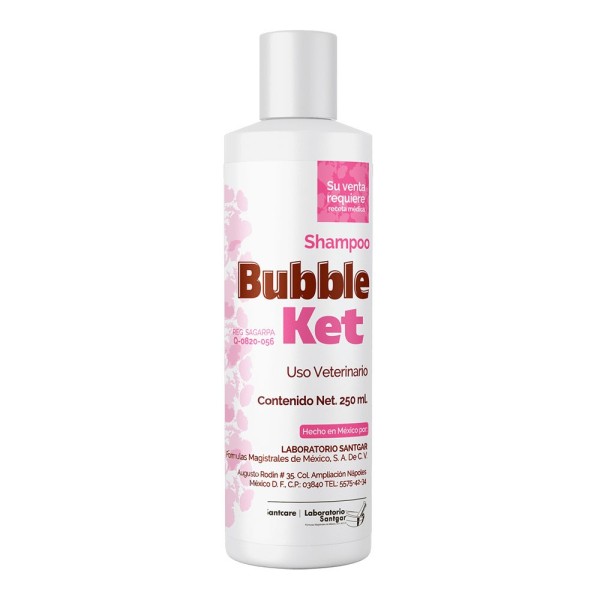 BUBBLE KET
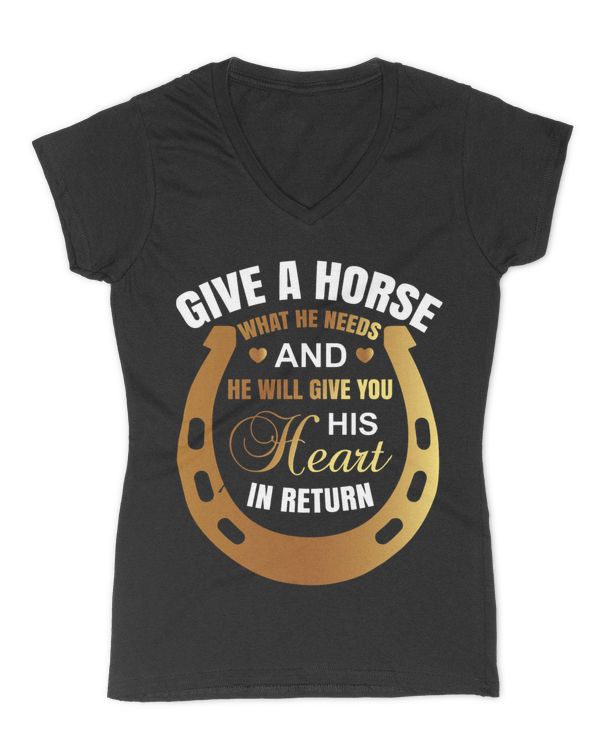 Women's V-Neck T-Shirt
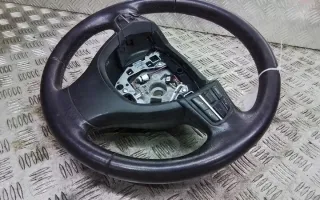 9218393 Руль BMW 5 F10/F11/GT F07 Арт e11801066, вид 4
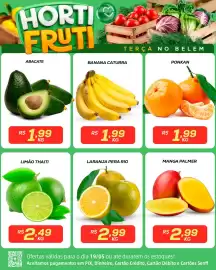 Catálogo Belem Supermercados Página 2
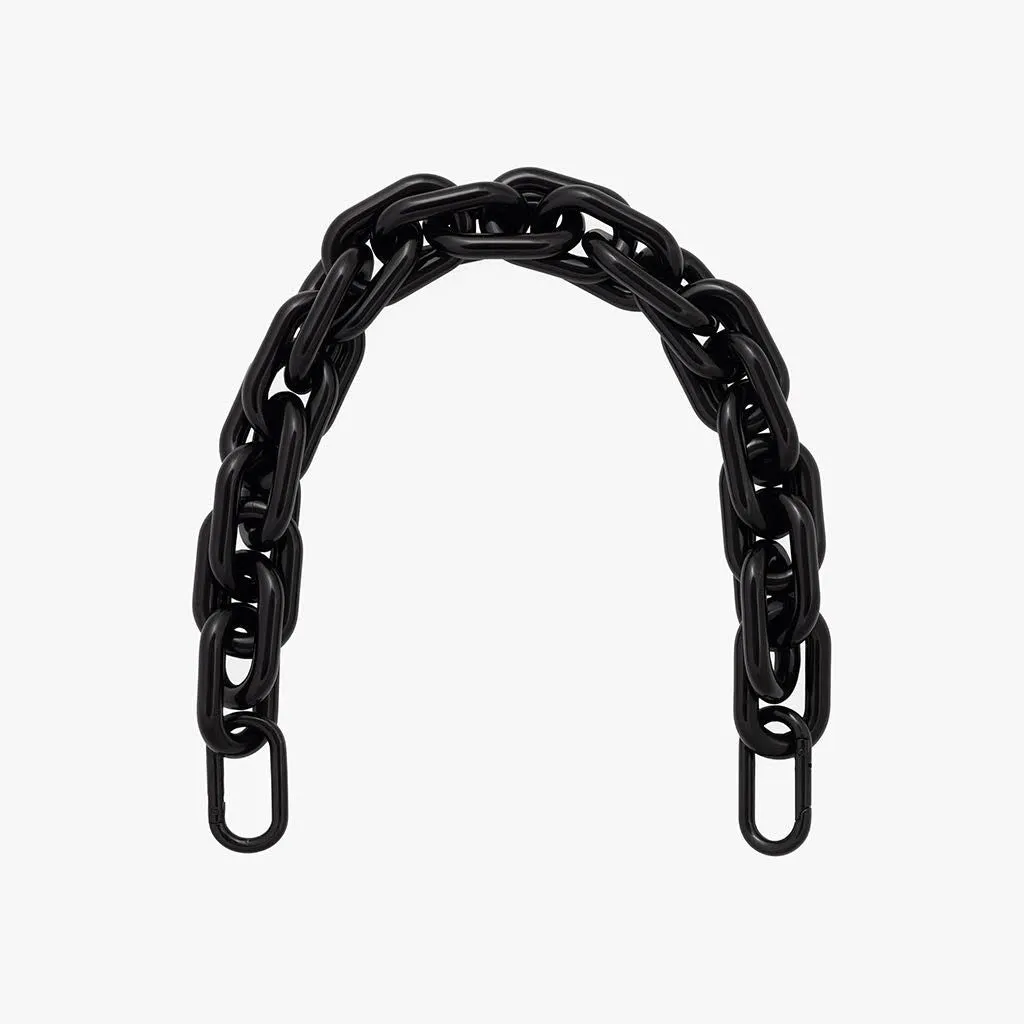 Black Acrylic Chain sold by Brackish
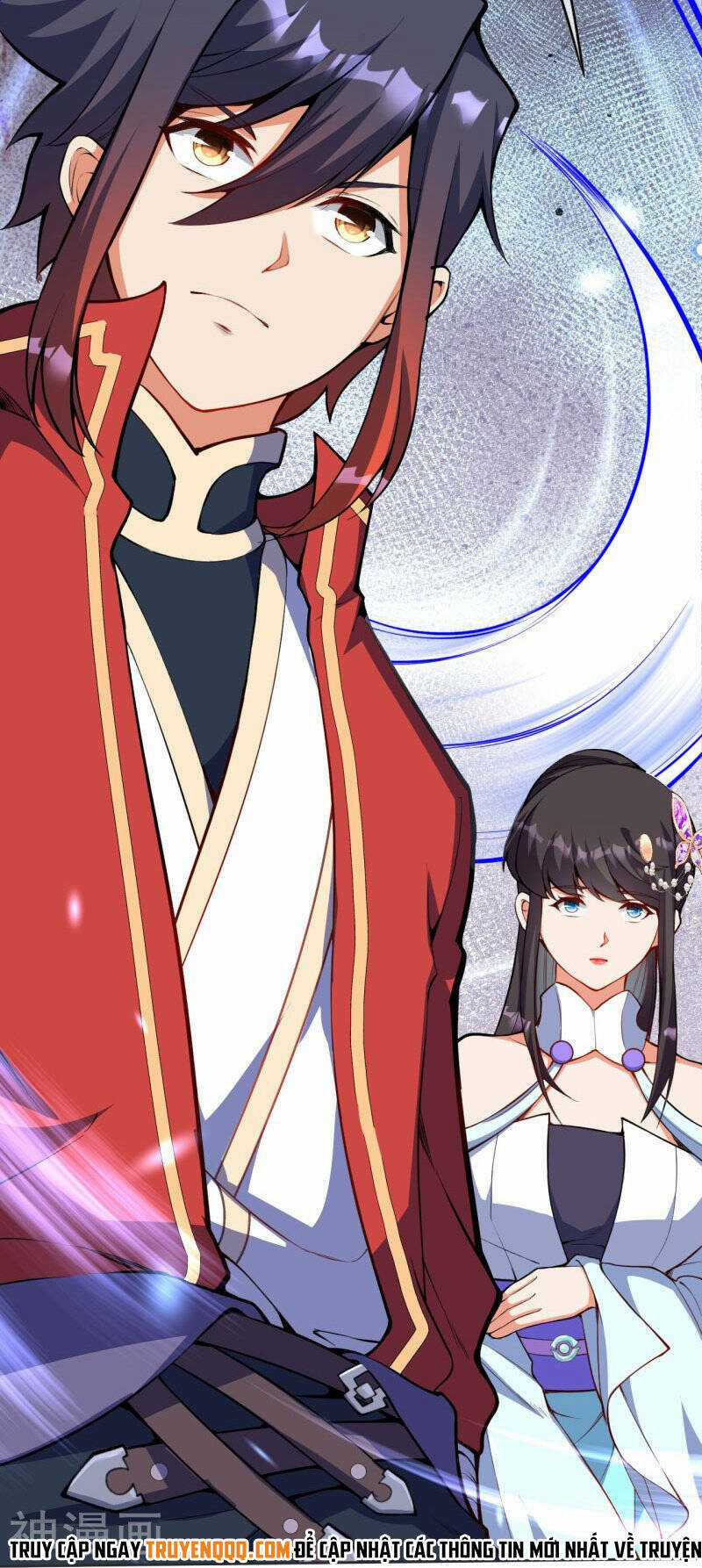 Vô Địch Kiếm Vực - Chapter 152 - Trang 50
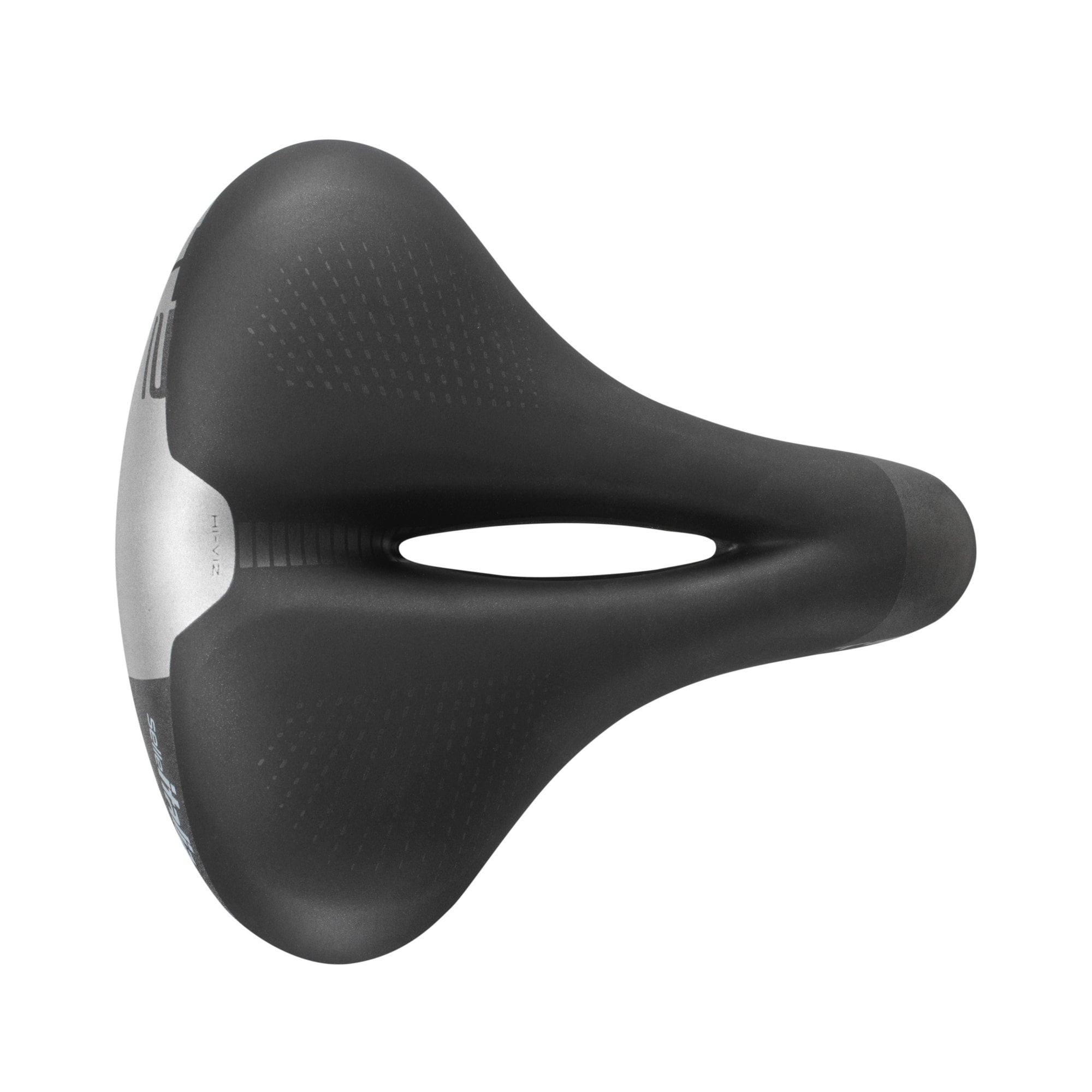 Selle Italia T2 Flow Commuter Saddle Saddle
########################################
What is required: Without any pictures, repeat the listing exactly.

Answer area:
 BUBBLE KET
 Women's V-Neck T-Shirt
 9218393 Руль BMW 5 F10/F11/GT F07 Арт e11801066, вид 4
 Catálogo Belem Supermercados Página 2
 Black Acrylic Chain sold by Brackish
 Vô Địch Kiếm Vực - Chapter 152 - Trang 50
 Selle Italia T2 Flow Commuter Saddle Saddle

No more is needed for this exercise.